Contributing to this issue is Tracey Norman, a contract faculty member in the Department of Dance, School of the Arts, Media, Performance & Design. Norman is a Toronto-based choreographer, educator, producer, performer, researcher and mother of two young children. Her choreography has been presented on stages across North America. She holds a MFA in choreography and dramaturgy, and is current president and resident artist of the Intergalactic Arts Collective (IGAC), an artist-run organization that focuses on research and creation.

Journal of the Motherhood Initiative cover

In her contribution, titled “Problematic Intersections: Dance, Motherhood, and the Pandemic,” she discusses her experience of mothering and working through the pandemic. Largely presented in the form of testimonials, the article shares insights from her interviews with 40 mothers who are scholars and artists working in either or both academic dance and professional artist work.

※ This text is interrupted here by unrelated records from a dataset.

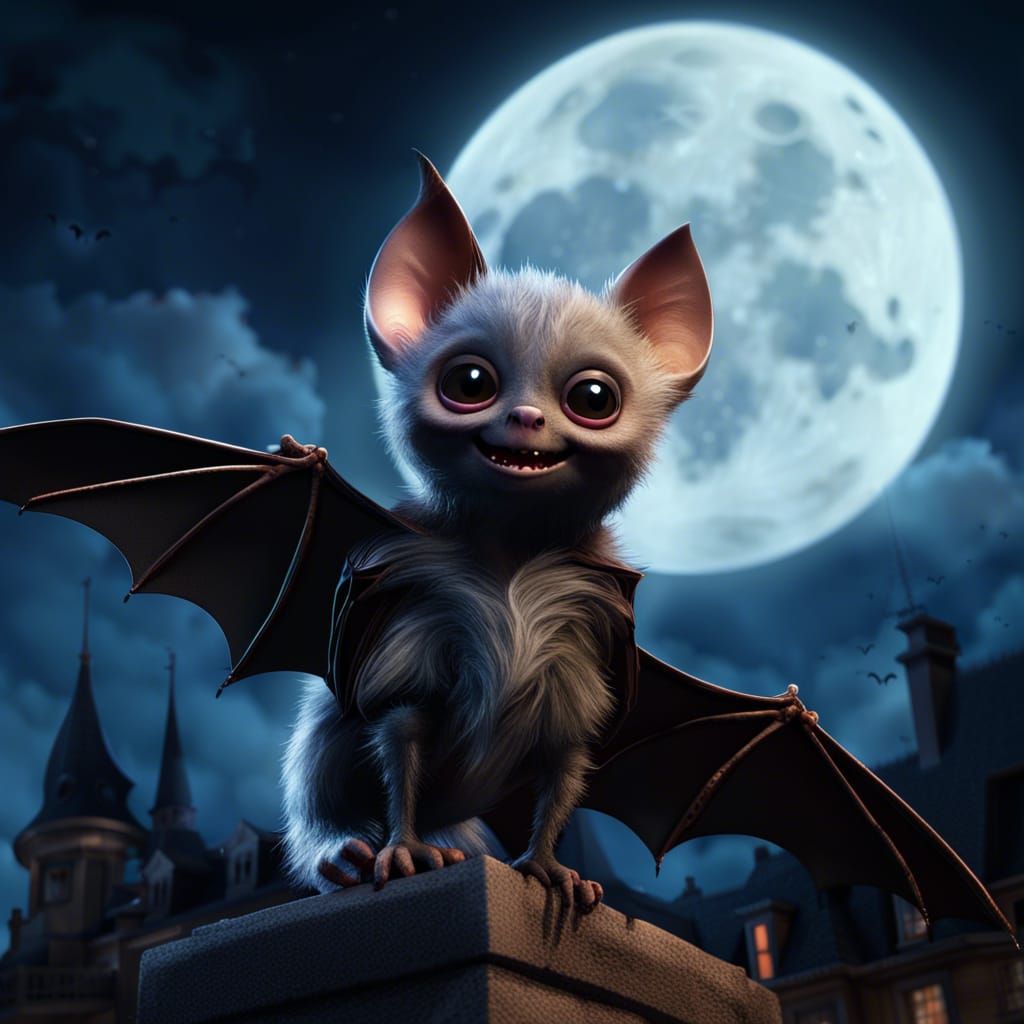 Cinematic Bat with Moonlit Manor Background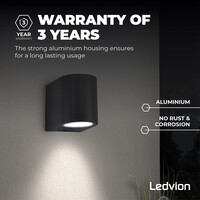 Ledvion Applique Murale LED - Sacramento - 3W - 2700K - Noir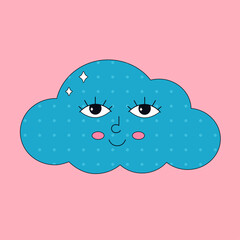 Cute cartoon cloud character in retro style with eyes. Hippie, psychedelic, groove, retro and vintage style. Vector illustration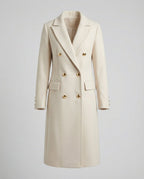 Women's Double-Breasted Longline Coat with Gold Buttons - 8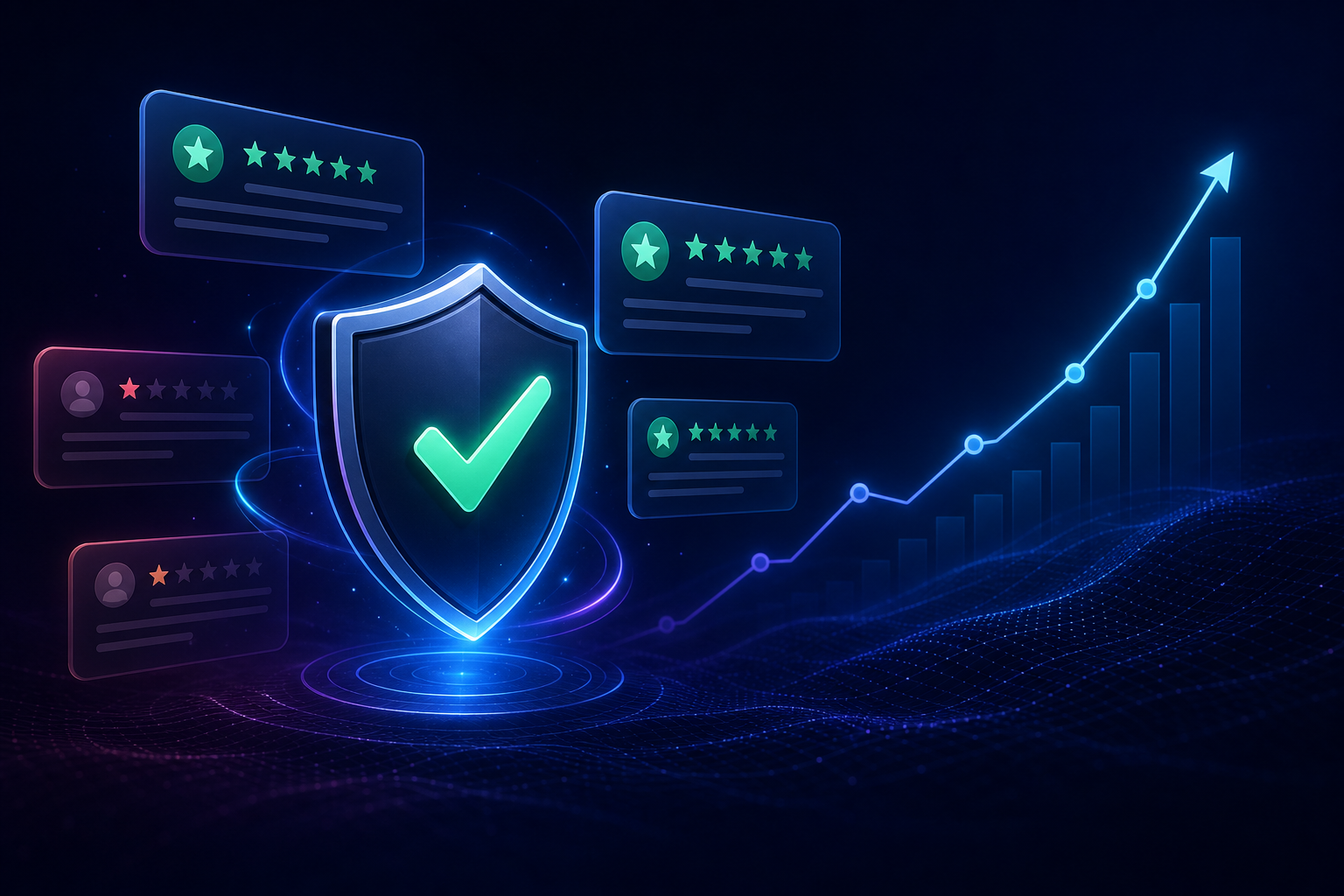 Trustpilot reputation management: a verified shield protecting five-star reviews while TrustScore trends upward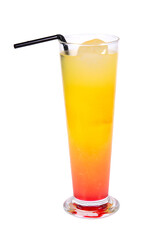 cocktail with orange isolated on white background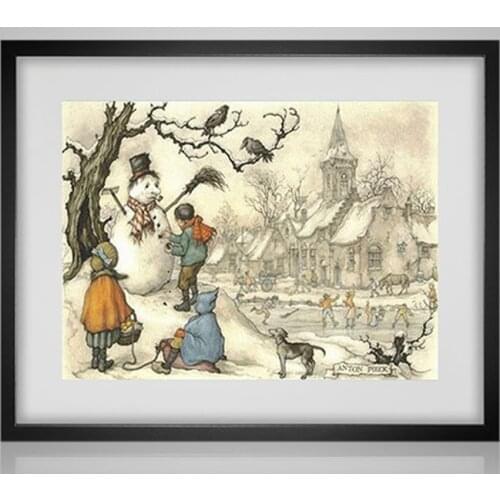 Customized Embroidery The Snowman Anton Pieck Counted Cross Stitch Kit Baby with 100% Cotton Floss& Free Shipping for Home Decor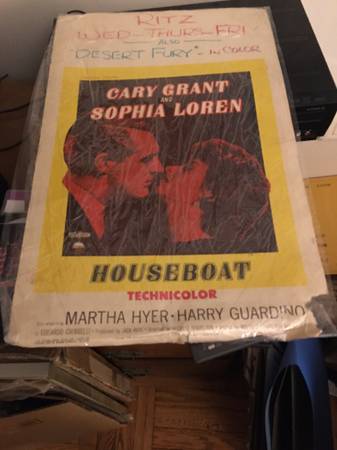 Cary Grant Sophia Loren "Houseboat" 14"x22" damaged poster 1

“This article examines the effects of the COVID-19 pandemic on an already vulnerable group of Canadian artists and scholars in the field of dance,” the article’s introduction reads. “The aim of this article is to interrogate the systemic problems mothers have always faced in the dance field, which have now been magnified by the COVID-19 pandemic, and to highlight the positive contributions coming out of this time of crisis, including requesting reasonable and honest support as well as eliminating the social stigma around motherhood in dance.”

For a full outline of the special double issue and access to all of the articles, visit the issue link.

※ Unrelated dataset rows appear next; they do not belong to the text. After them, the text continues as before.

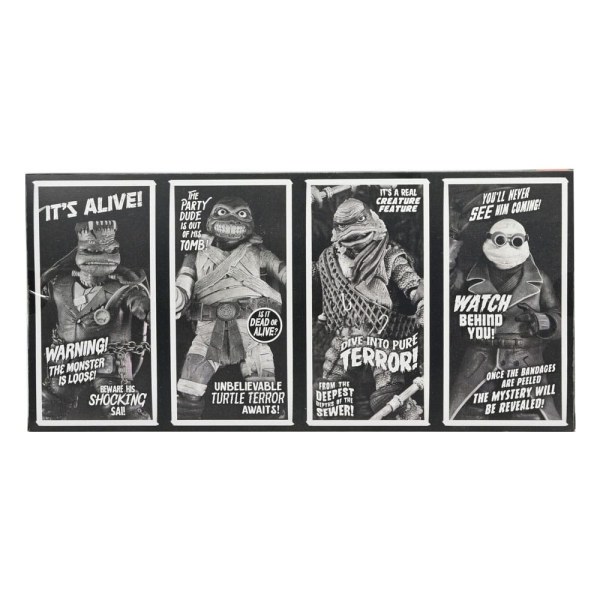 Universal Monsters x Teenage Mutant Ninja Turtles-pakket met 4 Turtles zwart-witte beeldjes van 18 cm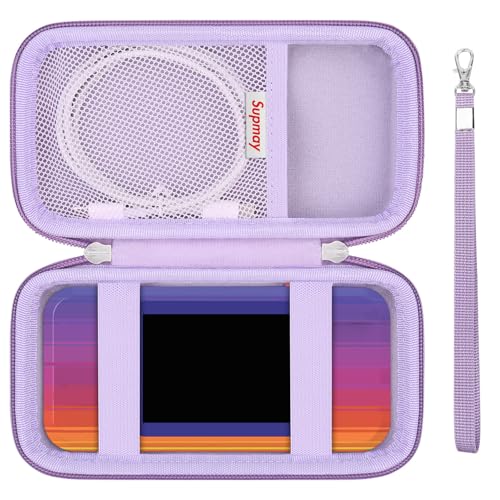 Supmay Hard Travel Case for My Arcade Data East Pocket Player, Portable Video Game System Handheld Game Protection Case with Mesh Pocket for Batteries and USB-C Cable, Purple - color: Purple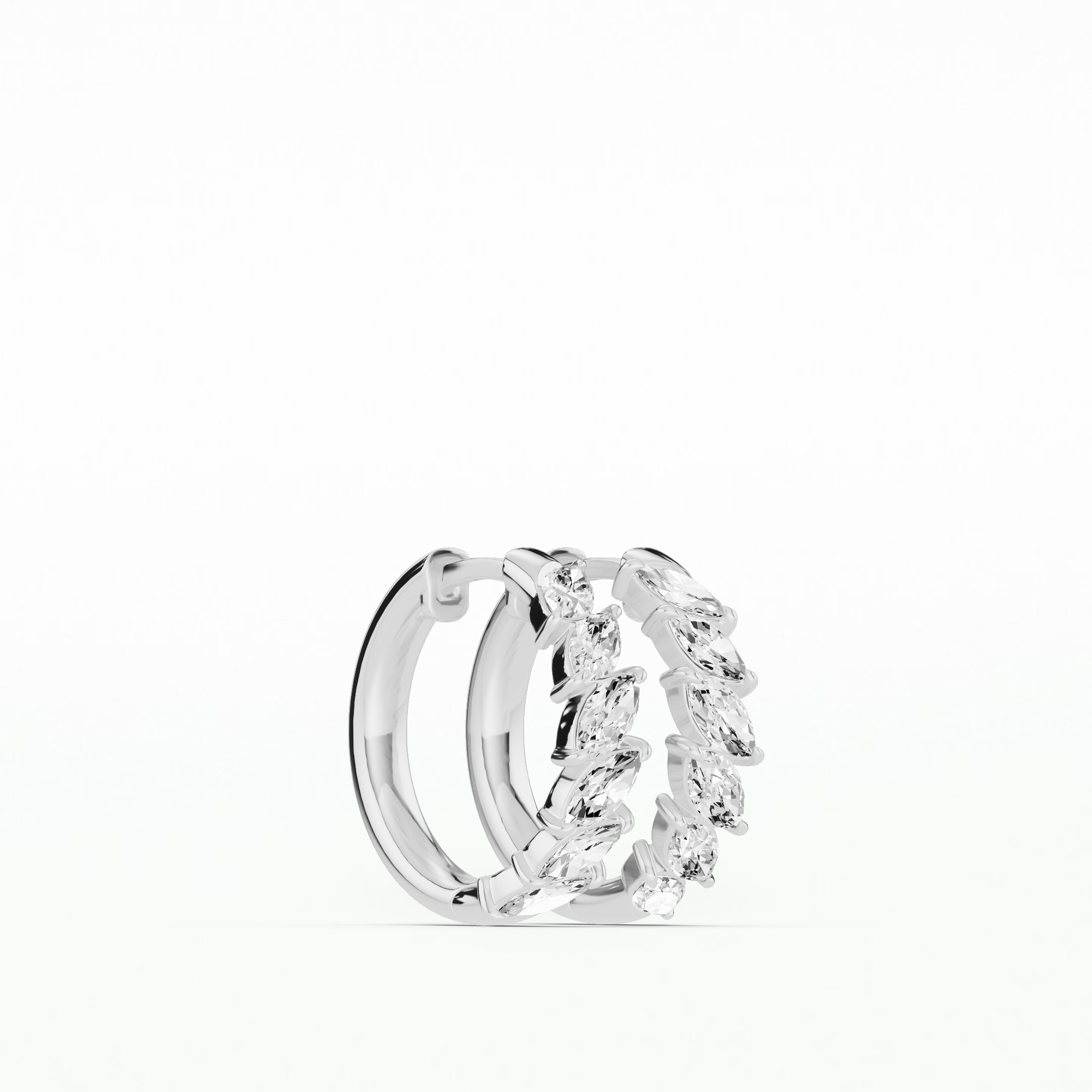 Starfire Trail Diamond Hoop Earrings-Marquise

JMI is a product of The Motherhood Initiative for Research and Community Involvement (MIRCI), a peer-reviewed feminist scholarly and activist organization on mothering-motherhood developed from the former Association for Research on Mothering at York University (1998-2010). The initiative houses JMI (formerly the Journal of the Association for Research on Mothering), Mother Outlaws, The International Mothers Network, The Young Mothers Empowerment Project, The Motherhood Studies Forum and is partnered with Demeter Press.

JMI was developed to be an integral part of community building for researchers, academics and grassroots, as well as mothers interested in the topic of motherhood. The mandate of the journal is to publish the most current, high-quality scholarship on mothering-motherhood and to ensure that this scholarship considers motherhood in an international context and from a multitude of perspectives including differences of class, race, sexuality, age, ethnicity, ability and nationality.